During program execution, a block of memory containing "this is a test" is allocated, and the address of the first character in that block of memory is assigned to the myString variable. In the next line, a separate block of memory containing "this is a very very..." is allocated, and the address of the first character in that block of memory is now assigned to the myString variable, replacing the address it used to store with the new address to the "very very long" string.
just for illustration, let's say the first block of memory looks like this:
[t][h][i][s][ ][i][s][ ][a][ ][t][e][s][t]
and let's just say the address of this first 't' character in this sequence/array of characters is 0x100.
so after the first assignment of the myString variable, the myString variable contains the address 0x100, which points to the first letter of "this is a test".
then, a totally different block of memory contains:
[t][h][i][s][ ][i][s][ ][a][ ][v][e][r][r][y]...
and let's just say that the address of this first 't' character is 0x200.

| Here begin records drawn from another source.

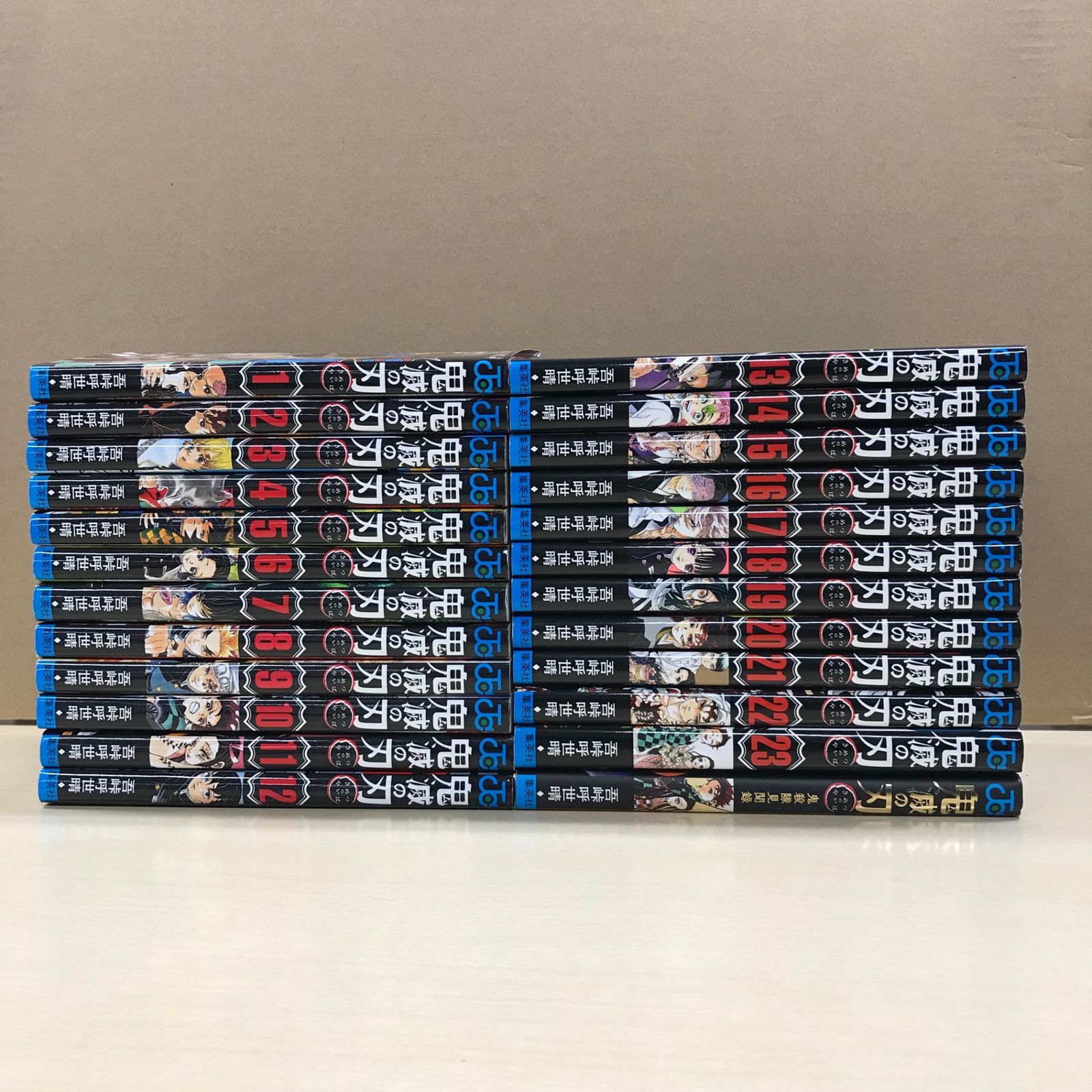 完結全巻・初版あり】鬼滅の刃 全23巻＋公式ファンブック（鬼殺隊見 
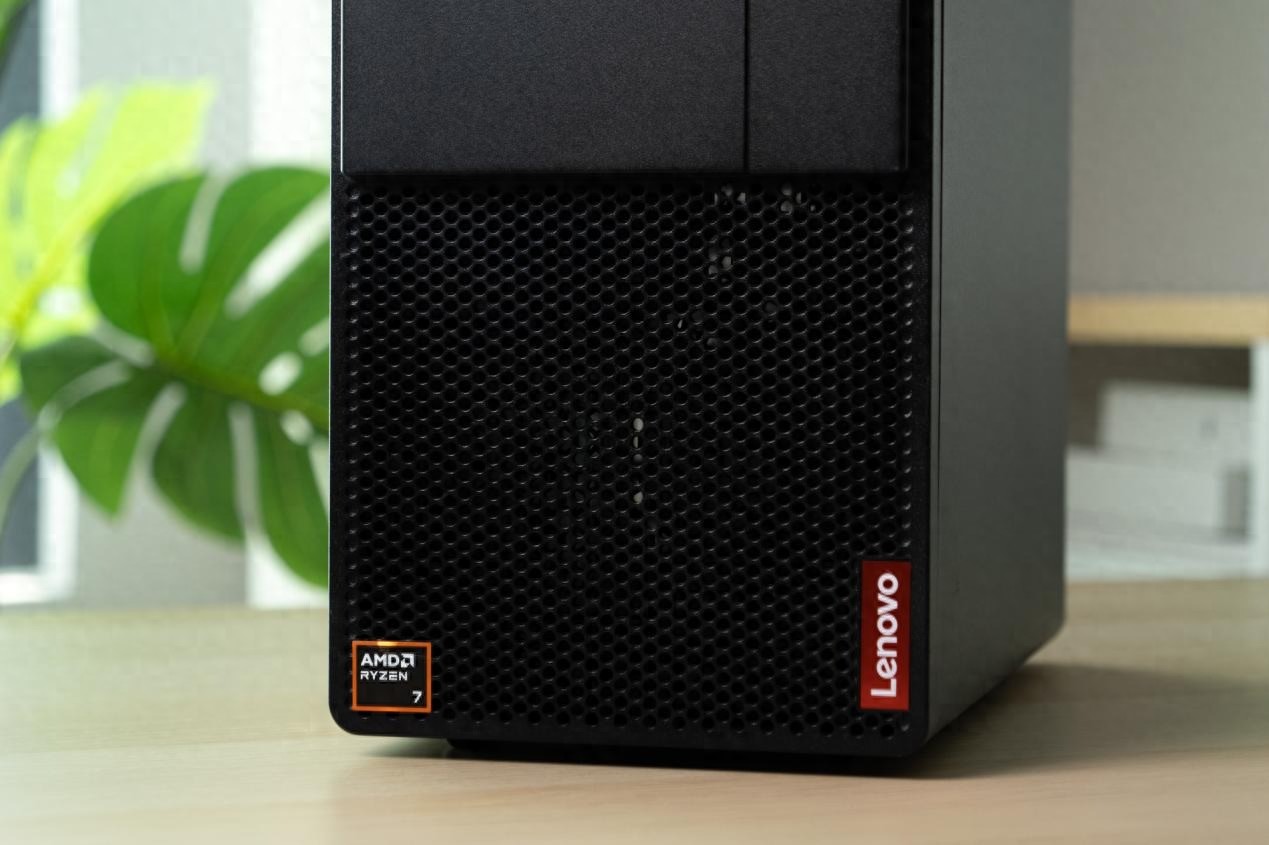 长期主义成本管控,选AMD锐龙8700G还是英特尔酷睿14700合适?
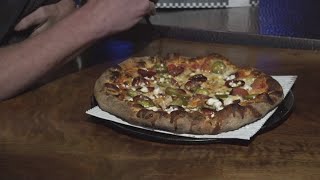 Cleveland Pizza Week: Mike Polk Jr. tries Pizza 216's Pizza Week Hot Honey special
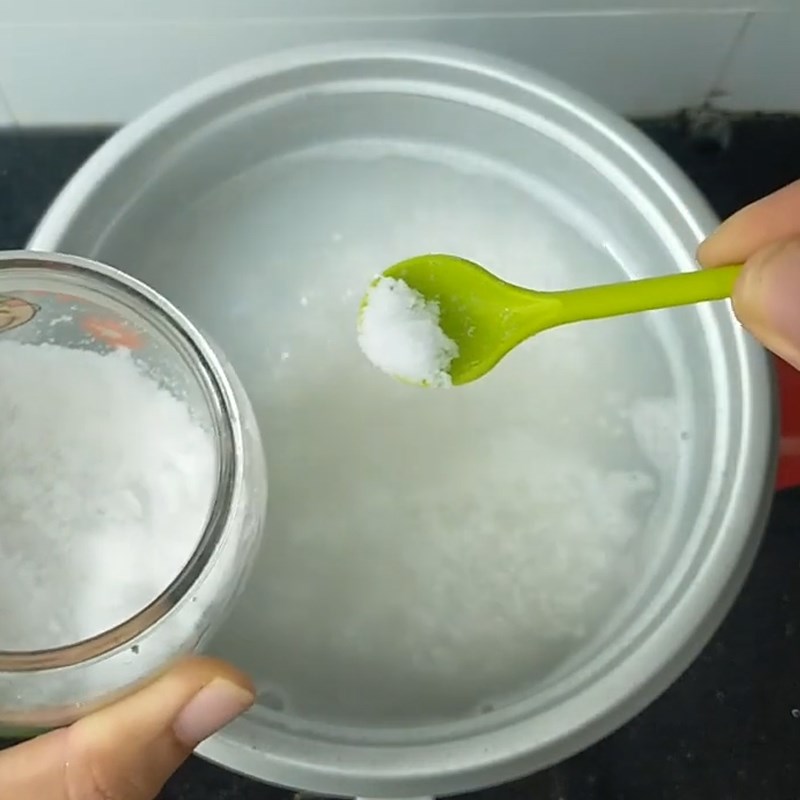 Step 4 Seasoning Pandan Leaf Porridge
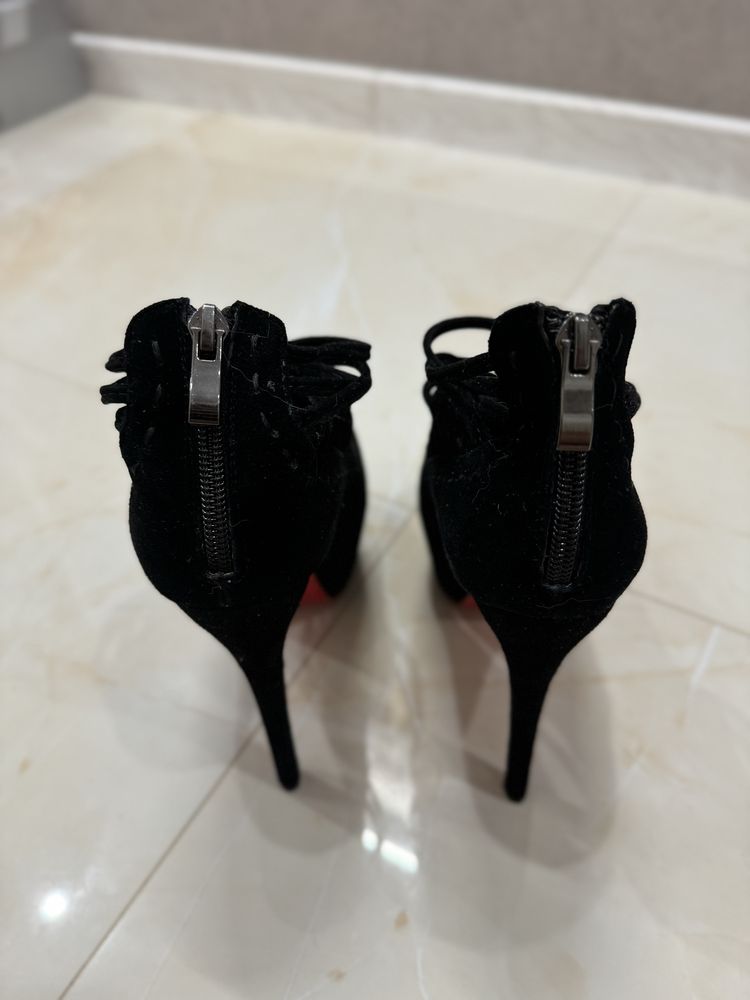 Туфли Christian Louboutin 36 р оригинал, лабутены кристиан лабутен
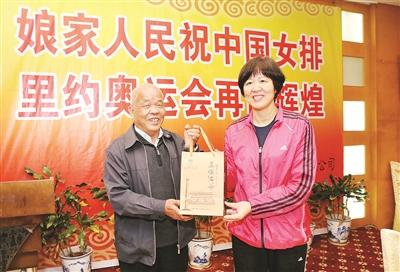 赠茶仪式上，林钟辉将特制的好茶赠送给女排教练及队员 本报记者林忠摄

so after the second assignment of the myString variable, the myString variable NOW contains the address 0x200, which points to the first letter of "this is a very very very...".
Since myString is just a pointer to a character (hence: "char *" is it's type), it only stores the address of a character; it has no concern for how big the array is supposed to be, it doesn't even know that it is pointing to an "array", only that it is storing the address of a character...
for example, you could legally do this:
char myChar = 'C';
/* assign the address of the location in
memory in which 'C' is stored to
the myString variable. */
myString = &myChar;
Hopefully that was clear enough. If so, upvote/accept answer. If not, please comment so that I may clarify.
string literals do not require allocation - they are stored as-is and can be used directly. Essentially myString was a pointer to one string literal, and was changed to point to another string literal.
char* means a pointer to a block of memory that holds a character.
C style string functions get a pointer to the start of a string. They assume there's a sequence of characters that end with a 0-null character (\n).
So what the << operator actually does is loop from that first character position until it finds a null character.